Sucede que el sanchismo no está en la lógica jurídica sino en la del ‘relato’, tal como señaló el propio imputado en un mensaje que forma parte del sumario. Y el relato que exigía involucrar a Ayuso en el delito fiscal de su pareja para contrarrestar las sospechas sobre Begoña Gómez requiere ahora una descalificación global del tercer poder del Estado: «oligarquía judicial» han empezado a llamarlo para extender la sensación de un ataque espurio a los legítimos representantes democráticos. Ya se les ha olvidado también su propio empeño en mantener el procedimiento de elección parlamentaria de la cúpula de los magistrados. El fondo de la cuestión reside en la necesidad de crear a título preventivo un argumentario contra el chaparrón de escándalos que se barrunta en el horizonte de los juzgados, una tormenta susceptible de aflorar todo el barro acumulado en el entorno de la Moncloa durante los últimos seis años.
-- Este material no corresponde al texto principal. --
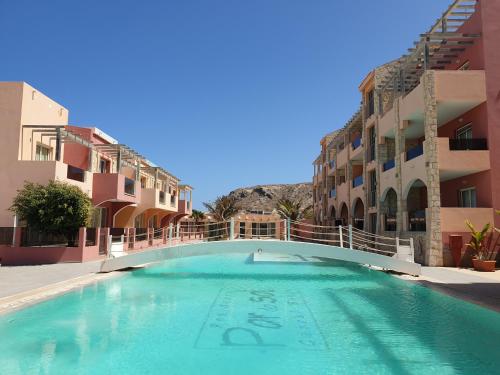 a swimming pool in the middle of a building at Aparthotel Por do Sol in Sal Rei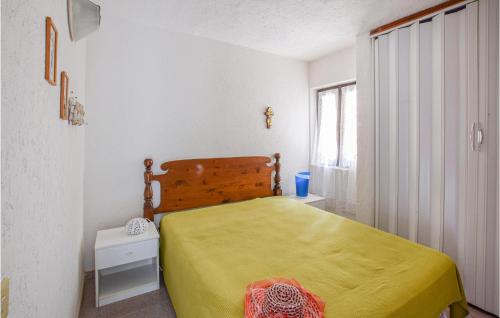 Un dormitorio con una cama amarilla y una ventana. en 1 Bedroom Cozy Home In Costa Paradiso, en Costa Paradiso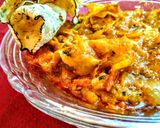 A picture of step 10 of Rajathani papad ki sabji (onion, tomato curry).
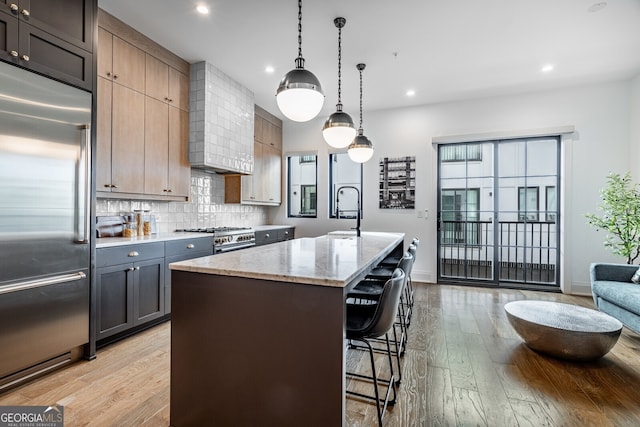 kitchen with an island with sink, light stone countertops, high quality appliances, light wood-style flooring, and a breakfast bar area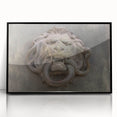 Large abstract wall art featuring swirling blue and gray tones on acrylic, framed in black.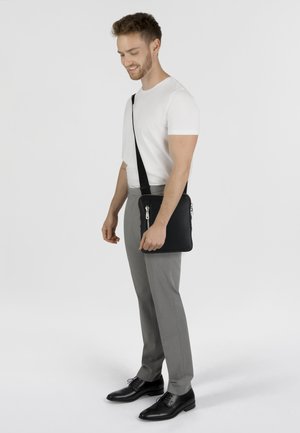 Borsa a messanger nera in pelle con superficie testurizzata, cinturino regolabile e cerniere argentate, tenuta da una persona che indossa pantaloni grigi e una camicia bianca.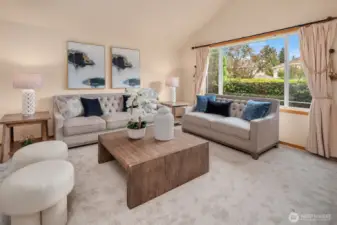 The bright living room boasts oversized windows framing lush greenery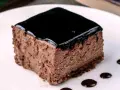 Un delizioso semifreddo al cioccolato, con una lucida glassa scura e gocce di salsa al cioccolato sul piatto bianco.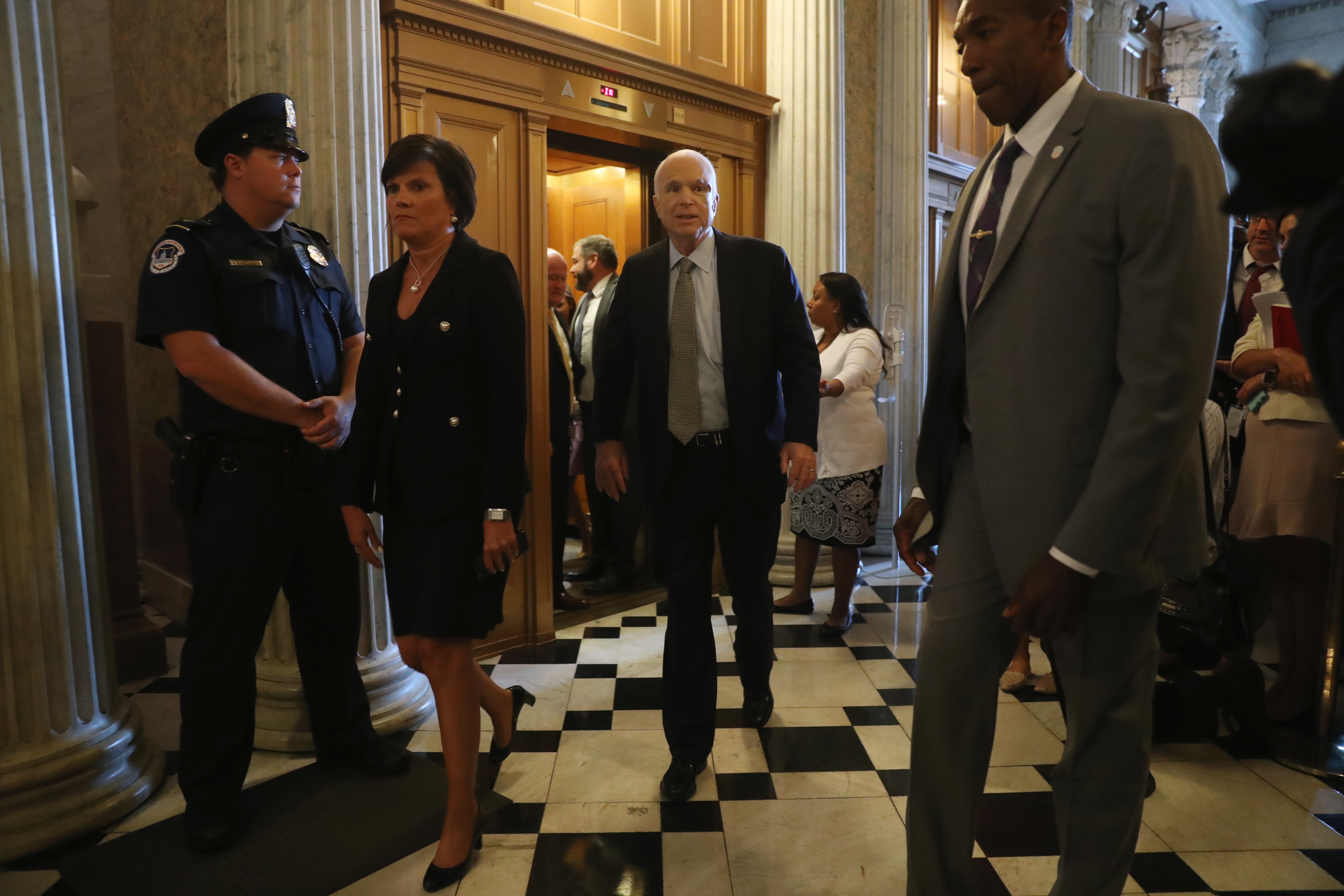 The Latest: McCain calls on both parties to work together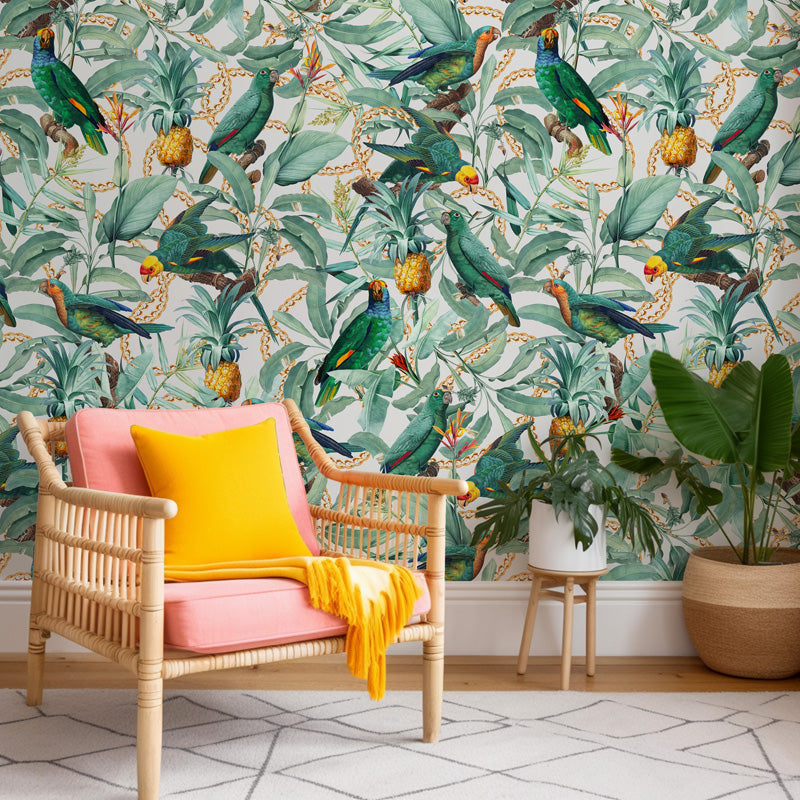 Chair with pink cushion and yellow blanket in front of tropical parrot wallpaper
Hasta ahora el Gobierno ha sorteado mal que bien, sin excesiva sangría de votantes, el desgaste provocado por sus mentiras y arbitrariedades. Los confinamientos irregulares, los indultos, la amnistía, los beneficios penitenciarios a etarras con las manos manchadas de sangre, incluso el rechazo de sus propios dirigentes regionales a los privilegios tributarios concedidos a los socios separatistas catalanes. Pero la corrupción no sólo acarrea problemas políticos sino que suele derivar en consecuencias penales, y eso son palabras mayores, de sonido y efectos muy desagradables. Ya no estamos hablando de degradación institucional, de gestión ineficiente o de leyes redactadas a beneficio de parte. Si los sumarios en curso, y los que están por cursar, van adelante, algunas personas de relevancia se pueden ver en situaciones graves. Los ataques a la justicia constituyen un intento de blindaje ante la amenaza verosímil de la cárcel.